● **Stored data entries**
***

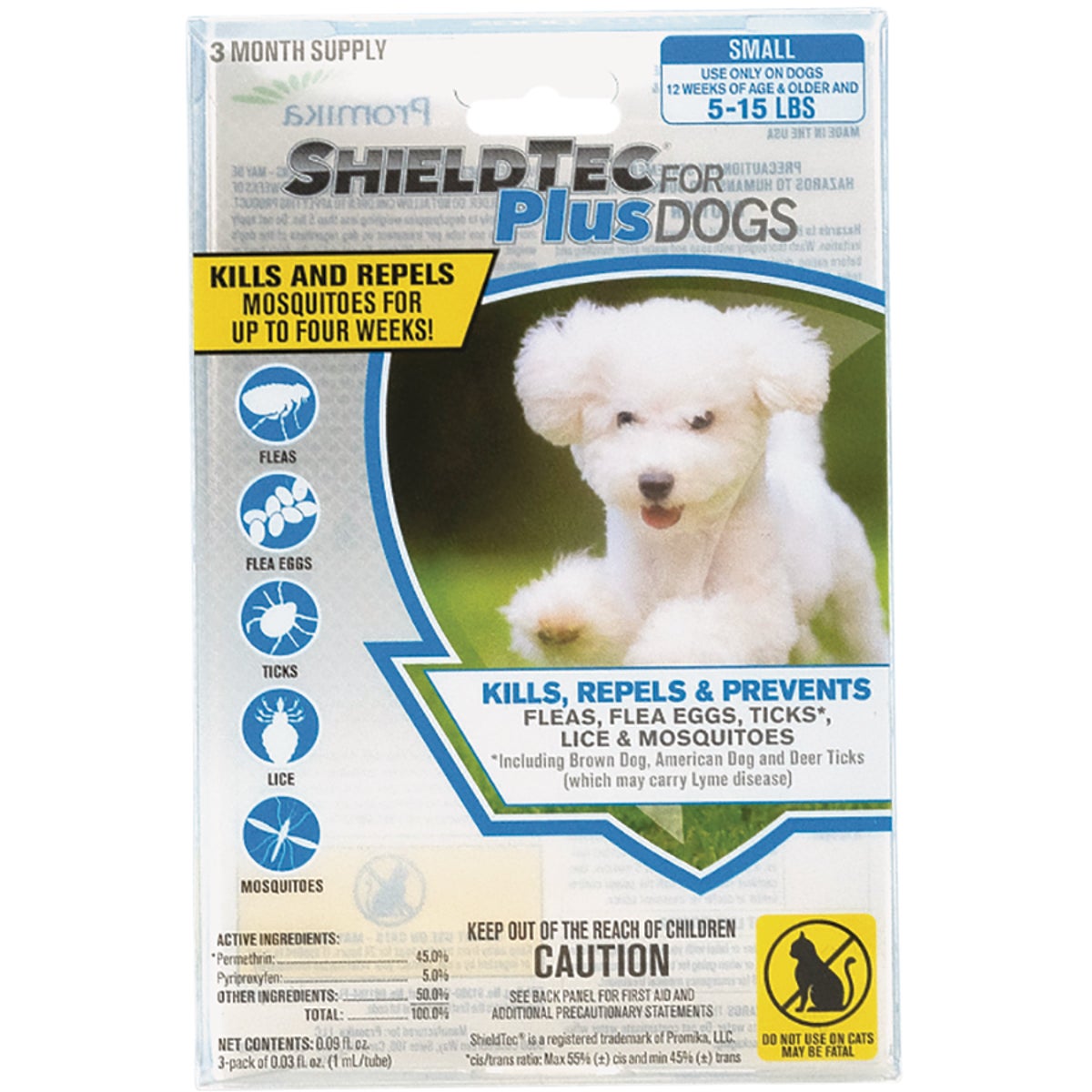 ShieldTec Plus 3-Month Supply Flea & Tick Treatment For Small Size Dogs 5 Lb. to 15 Lb.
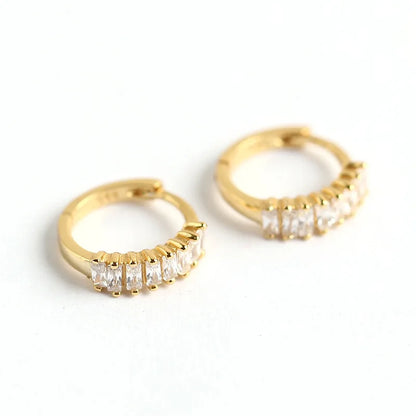 925 Sterling Silver Earring Fashion Rectangle Color Zircon Round Ear Ring Ear Bone Wild Trend Sweet Simple Women Girl Ear Jewelr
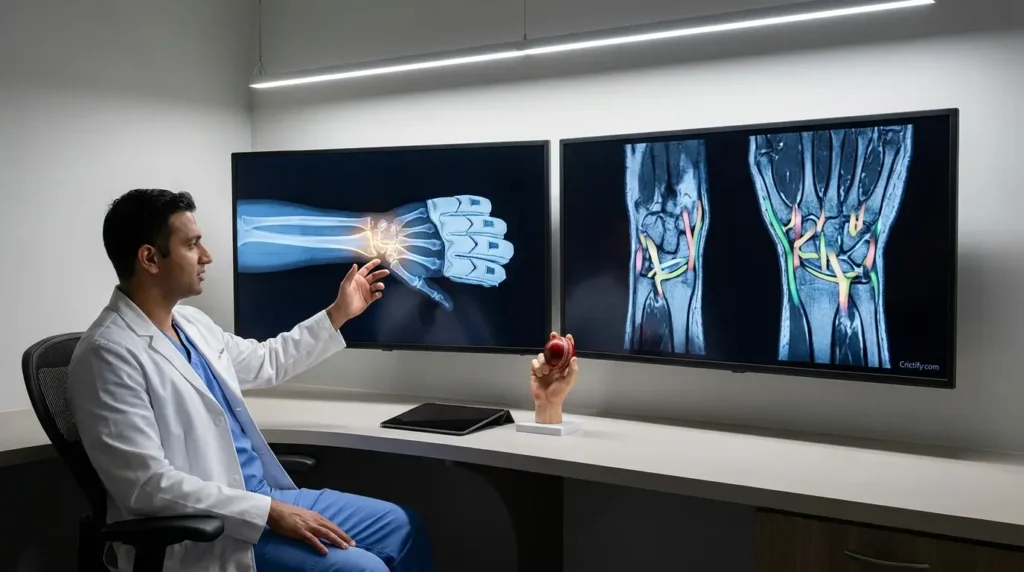 Medical imaging assessment of a cricketer’s wrist using X-ray and MRI concepts.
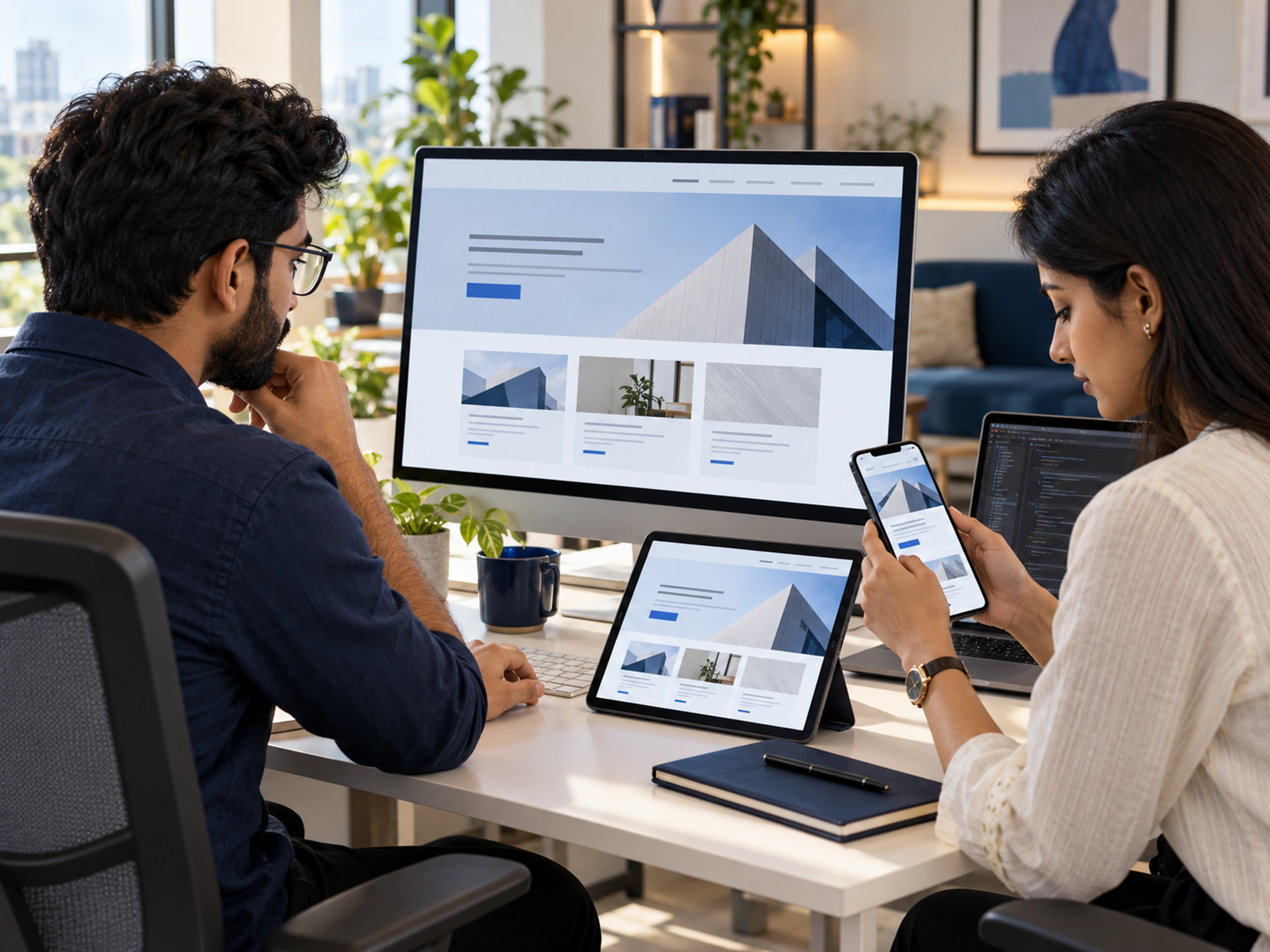 Software engineers testing a responsive website across desktop, tablet and mobile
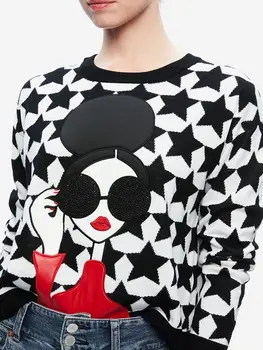 Alice Olivia Designer 2024 New In Autumn Winter Knit Long Sleeves Pullover Sweater For Women Top Knitwear Pull Coat Clothing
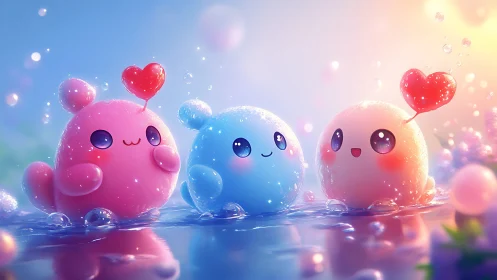 Bubble-Eyed Sweetlings Dancing in Crystalline Dreamscape.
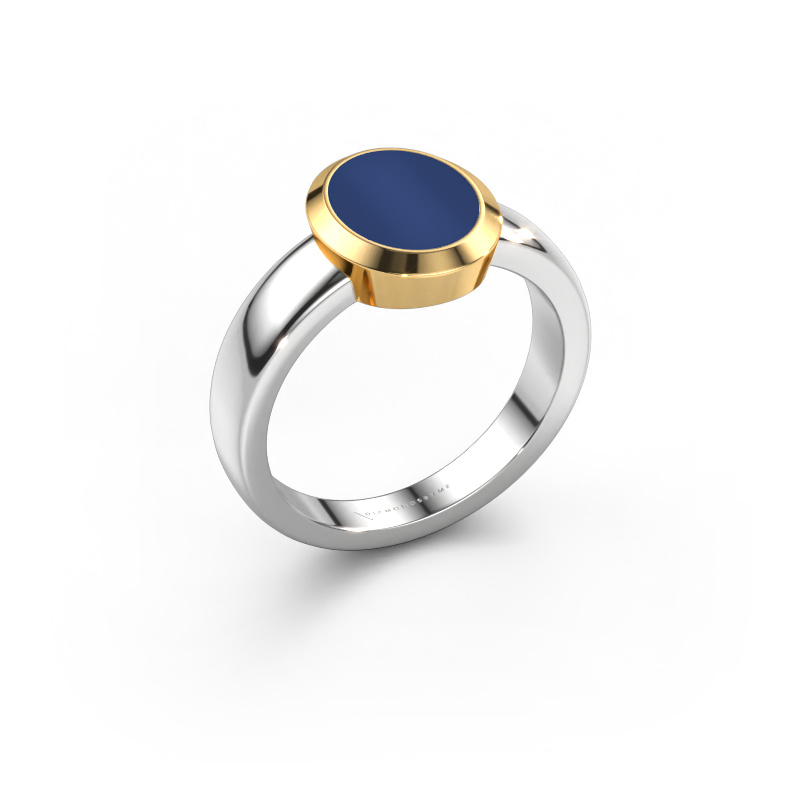 Afbeelding van Pinkring Oscar 1 585 witgoud Lapis lazuli 10x8 mm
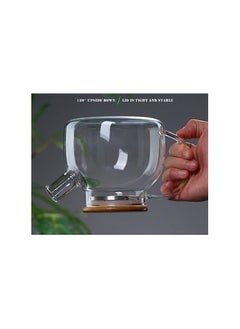 Spaceshoop Glass Teapot with Removable Infuser Stovetop Safe Teapot for Loose Leaf and Blooming Tea 1000ML Clear Teapots with Bamboo Lid  - Image 2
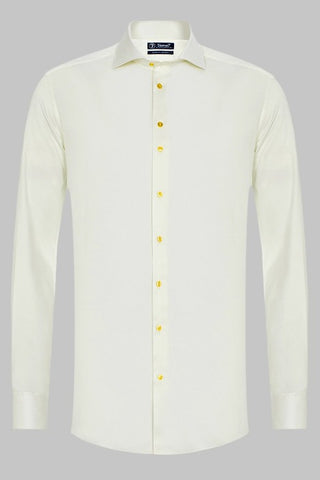 Sleeve7 Heren Overhemd Ecru Widespread Fine Twill Modern Fit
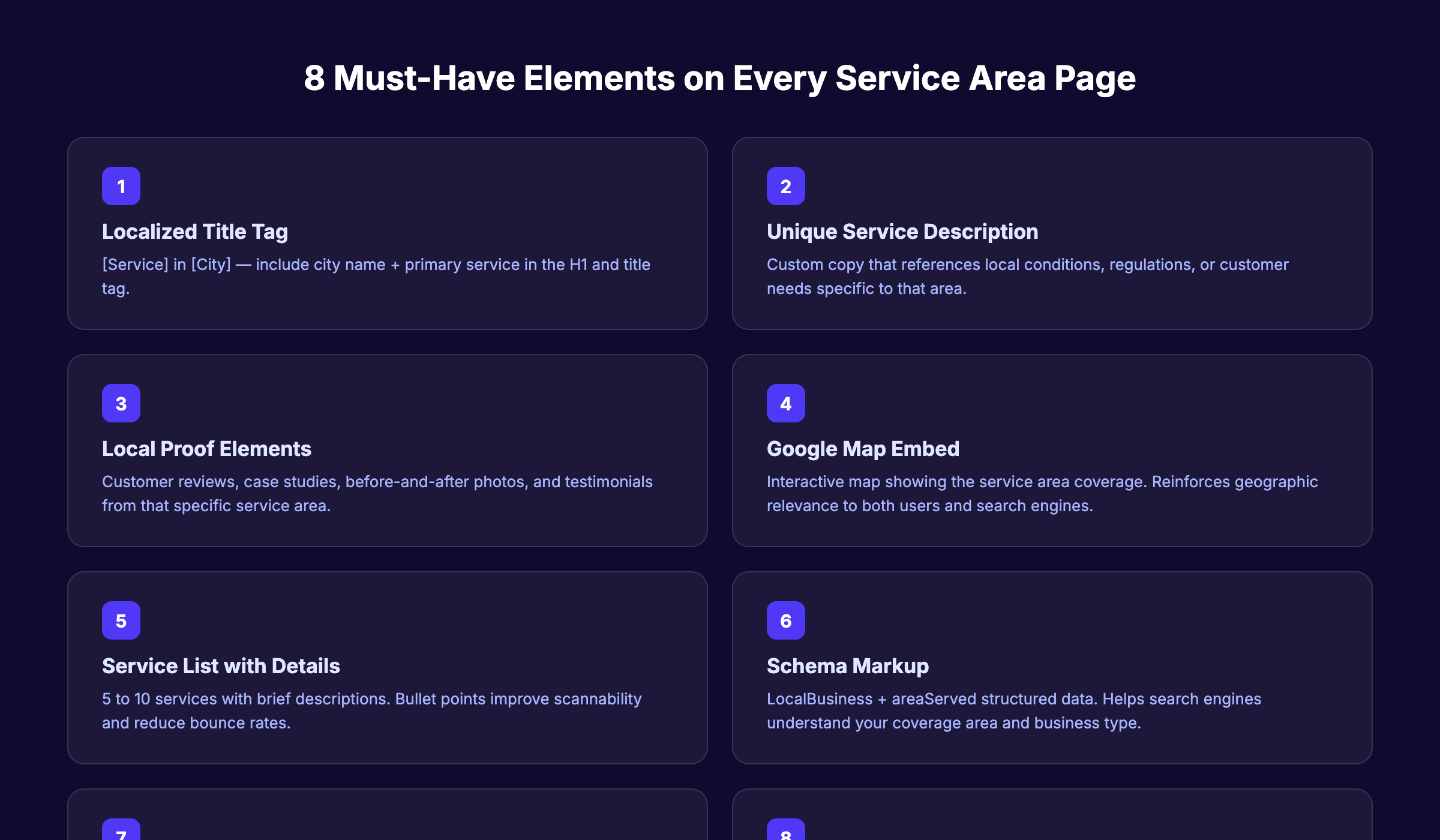 Service area page structure with 8 must-have elements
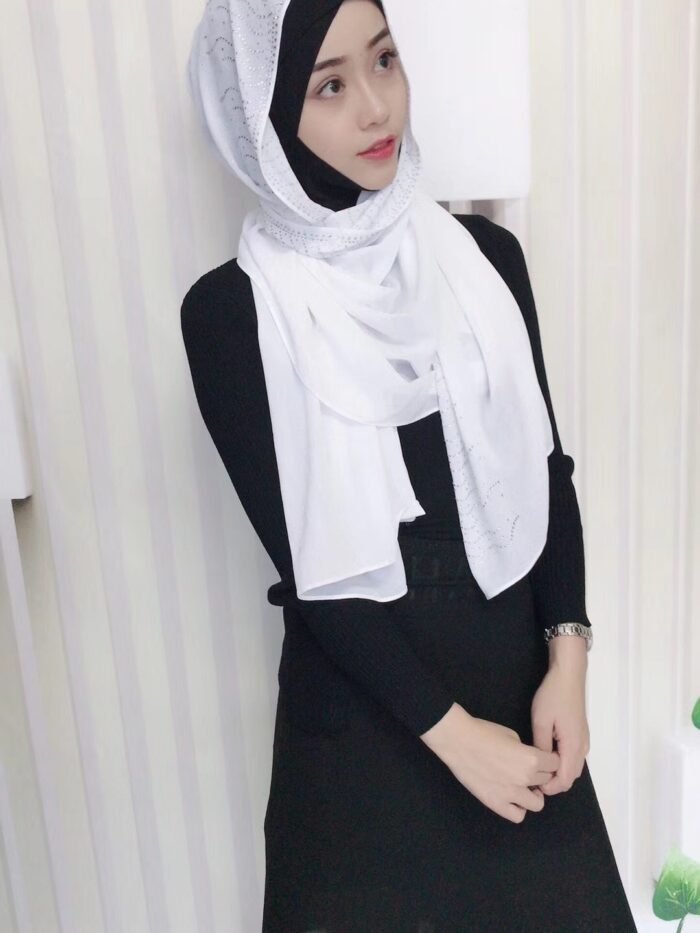 Chiffon Silver Diamond Fashion Muslim Scarf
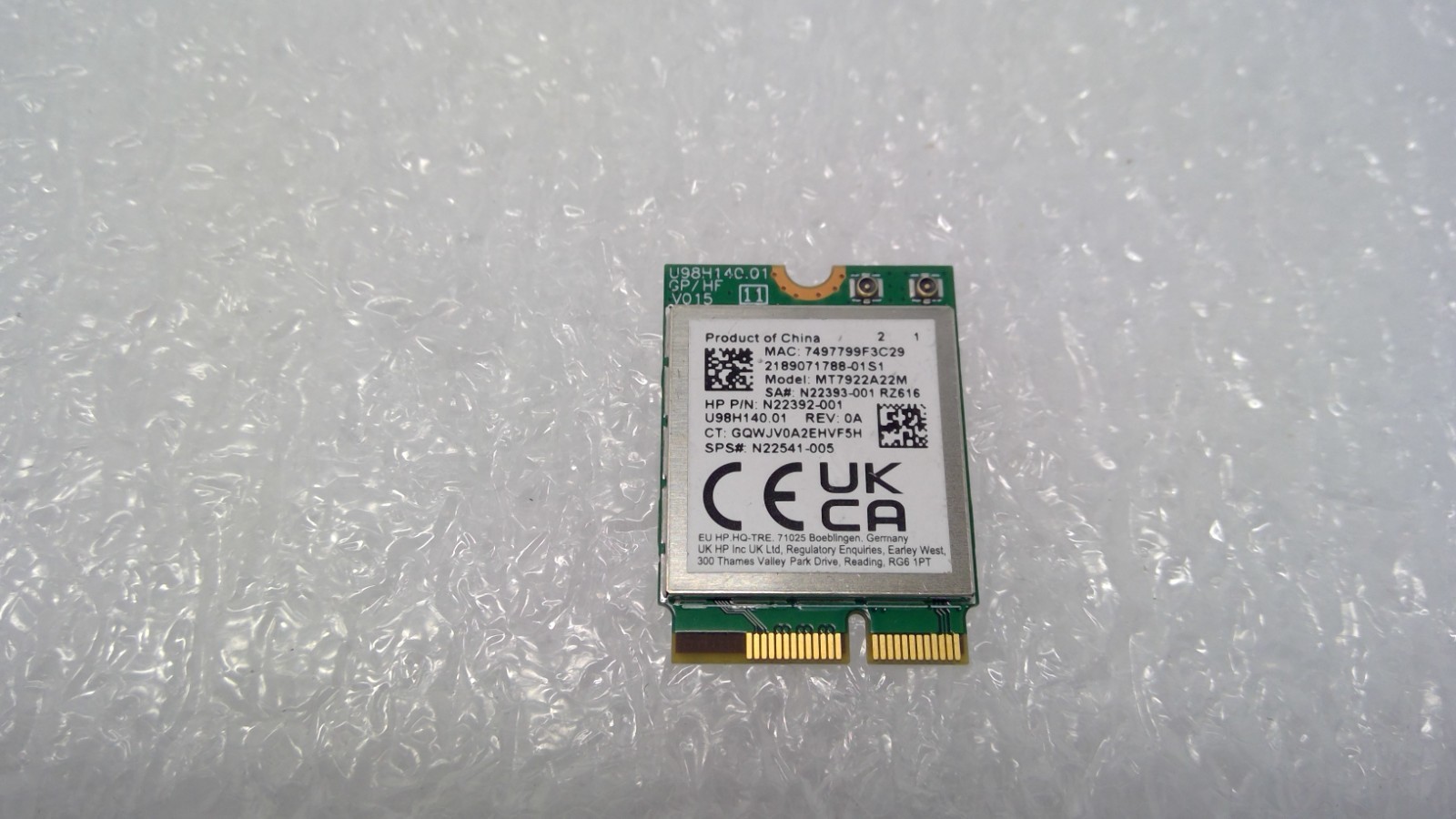 HP MT7922A22M  Mediatek Bluetoot M.2 2230 WiF i6E Wireless Card N22392-001 RZ616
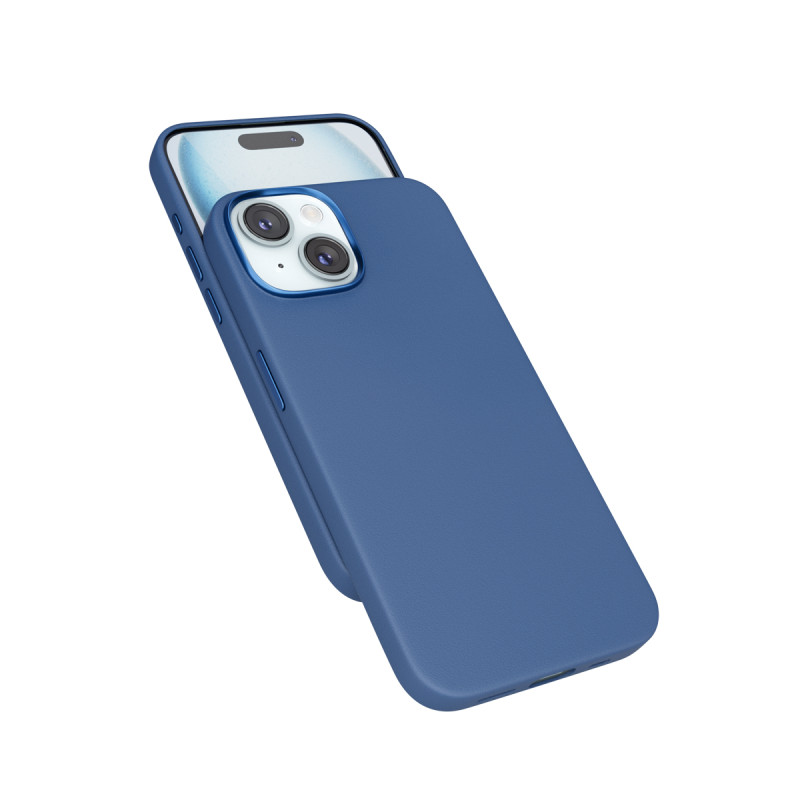 Epico Mag+ kožený kryt iPhone 15 - modrá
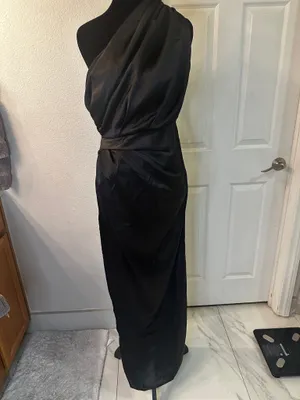 Petal & Pup Maxi Dress Black Nadia One-Shoulder Satin 6 thumbnail 11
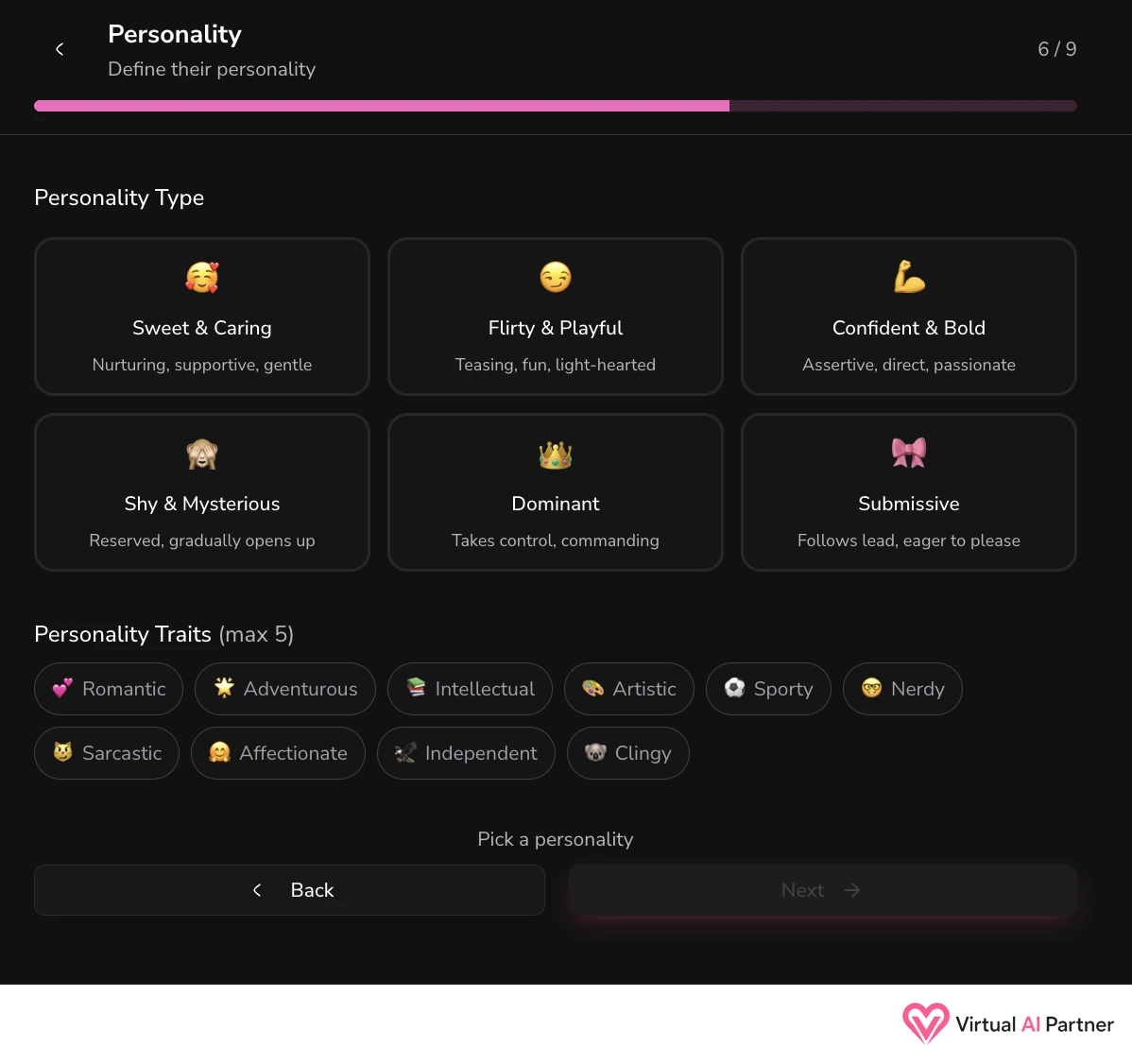 Types de personnalité et traits optionnels du créateur Dondi AI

***

● **WHAT THE TASK ASKS**
Set down every entry above exactly as written, but skip the pictures.

● **EXERCISE ANSWER**
 ShieldTec Plus 3-Month Supply Flea & Tick Treatment For Small Size Dogs 5 Lb. to 15 Lb.
 925 Sterling Silver Earring Fashion Rectangle Color Zircon Round Ear Ring Ear Bone Wild Trend Sweet Simple Women Girl Ear Jewelr
 Medical imaging assessment of a cricketer’s wrist using X-ray and MRI concepts.
 Software engineers testing a responsive website across desktop, tablet and mobile
 Alice Olivia Designer 2024 New In Autumn Winter Knit Long Sleeves Pullover Sweater For Women Top Knitwear Pull Coat Clothing
 Bubble-Eyed Sweetlings Dancing in Crystalline Dreamscape.
 Afbeelding van Pinkring Oscar 1 585 witgoud Lapis lazuli 10x8 mm
 Spaceshoop Glass Teapot with Removable Infuser Stovetop Safe Teapot for Loose Leaf and Blooming Tea 1000ML Clear Teapots with Bamboo Lid  - Image 2
 Sleeve7 Heren Overhemd Ecru Widespread Fine Twill Modern Fit
 Service area page structure with 8 must-have elements
 Chiffon Silver Diamond Fashion Muslim Scarf
 HP MT7922A22M  Mediatek Bluetoot M.2 2230 WiF i6E Wireless Card N22392-001 RZ616
 Epico Mag+ kožený kryt iPhone 15 - modrá
 Petal & Pup Maxi Dress Black Nadia One-Shoulder Satin 6 thumbnail 11
 Types de personnalité et traits optionnels du créateur Dondi AI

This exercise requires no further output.